On Cad front, CIBC expects only a modest CAD appreciation,
with USD/CAD reaching 1.34 by year end but with CAD underperforms.
BTMU
BTMU FX Strategy Research note that the latest IMM report revealed
that speculators are beginning to buy into the outlook for a stronger euro
during the rest of this year.
“In recent weeks, speculators have built net long euro
positioning for the first time in 3 years.
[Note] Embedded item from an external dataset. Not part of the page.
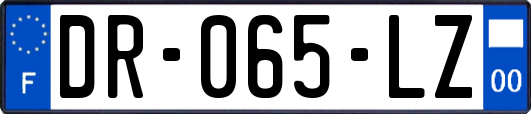 DR-065-LZ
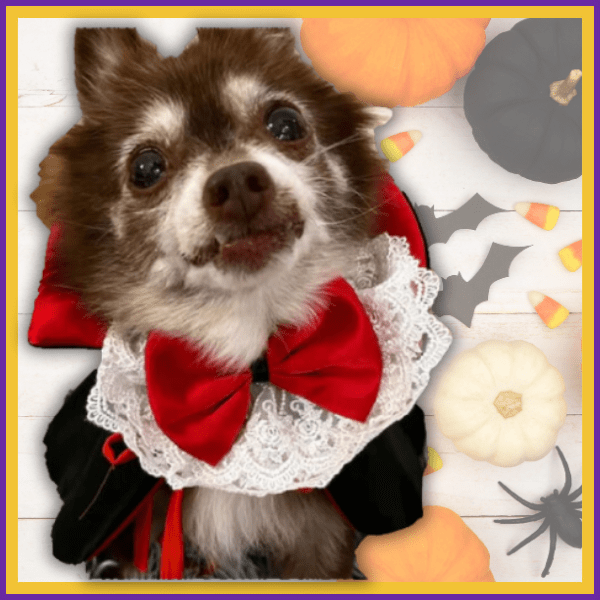 Small dog in a vampire costume with red bow, Halloween pumpkins, candy corn, and bats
In the latest reported week, the net
long positions even reached their highest level since the end of October 2013.
The breakdown of positioning reveals that it has been driven
both by Asset manager/ institutional investors building up long euro positions
and leveraged funds paring back short euro positioning,” BTMU adds.
“The recent euro rally has not yet been fully embraced by the
market leaving scope for further upside in the near term even if the current
spot rate already appears to be running a little ahead of our short term model
valuation estimate,” BTMU argues.
Morgan Stanley
“The rise of the EUR has nothing to do with yield, but a lot
to do with cheap asset valuations and increasing signs of the Franco-German
reform engine working again.
Bundesbank’s Weidmann calling the current ECB policy appropriate
suggests investors should not expect too much from 8June ECB meeting,” MS
argues.
“EURUSD remains a buy the dip”, MS advises.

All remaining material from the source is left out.